**REQUIRED WORK:** Go to the line with "Preview 2 of" in the material below and copy from there through the line with "2022 Freightliner M2", exactly. Pictures are not copied.

**INPUT FOR THIS TASK:**

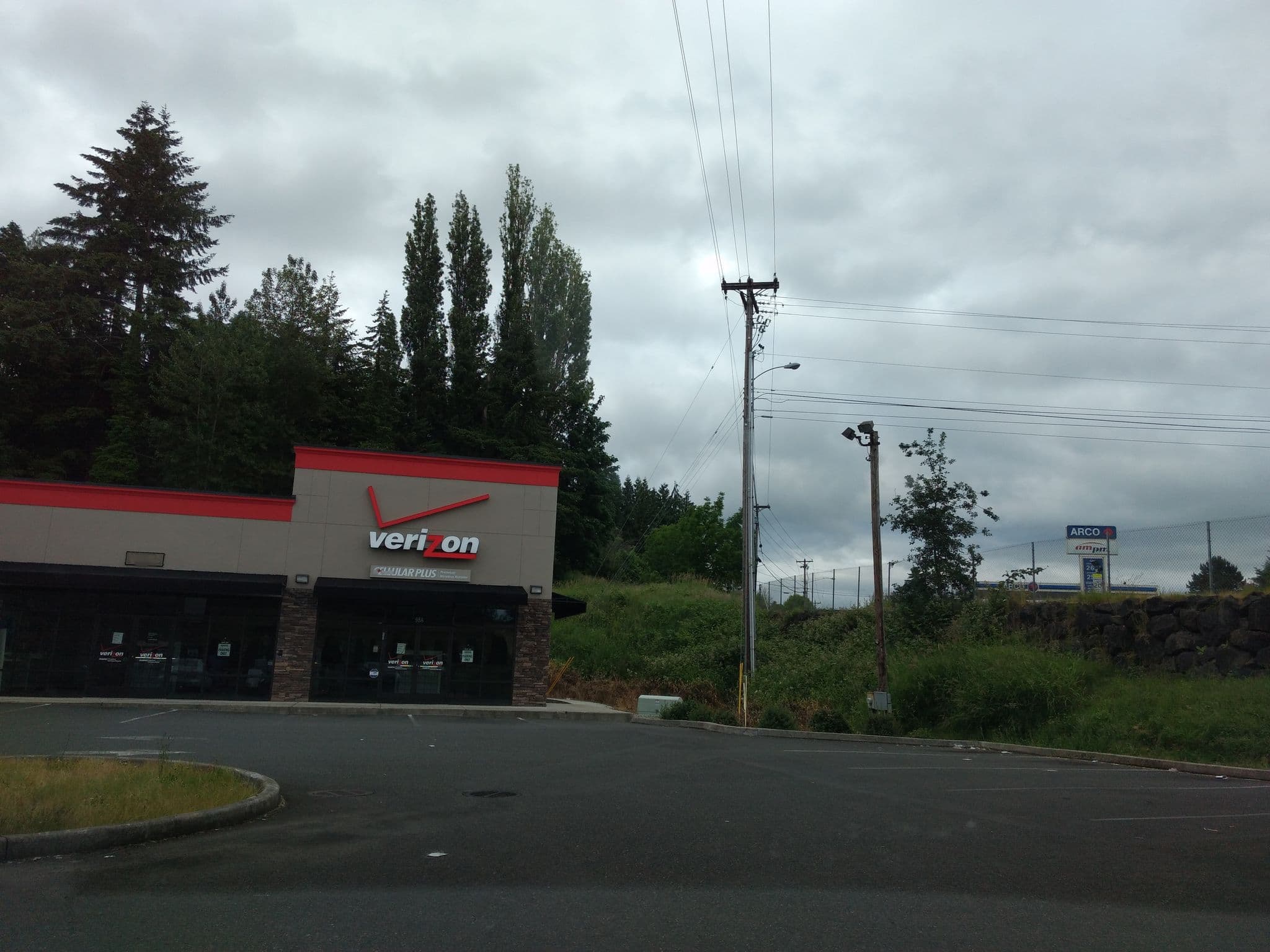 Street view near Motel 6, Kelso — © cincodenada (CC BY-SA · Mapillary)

==

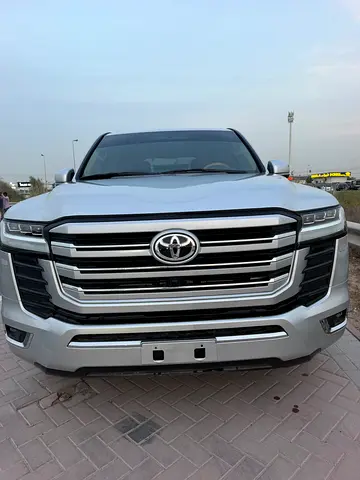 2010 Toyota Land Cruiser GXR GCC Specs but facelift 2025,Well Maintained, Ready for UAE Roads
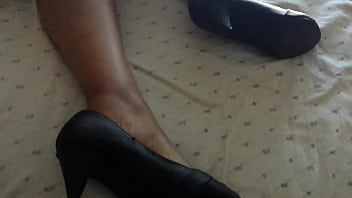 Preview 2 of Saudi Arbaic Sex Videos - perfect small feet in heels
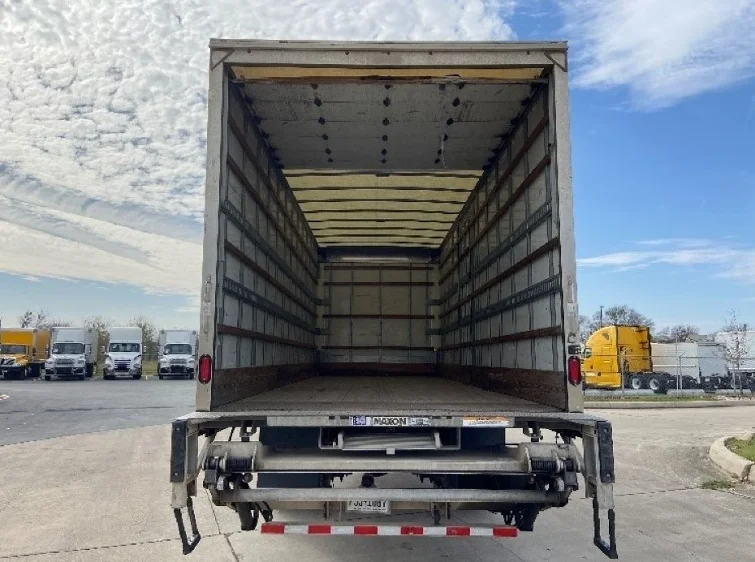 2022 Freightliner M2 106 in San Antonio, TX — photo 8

**ANSWER TO THE EXERCISE:**
 Preview 2 of Saudi Arbaic Sex Videos - perfect small feet in heels
 2022 Freightliner M2 106 in San Antonio, TX — photo 8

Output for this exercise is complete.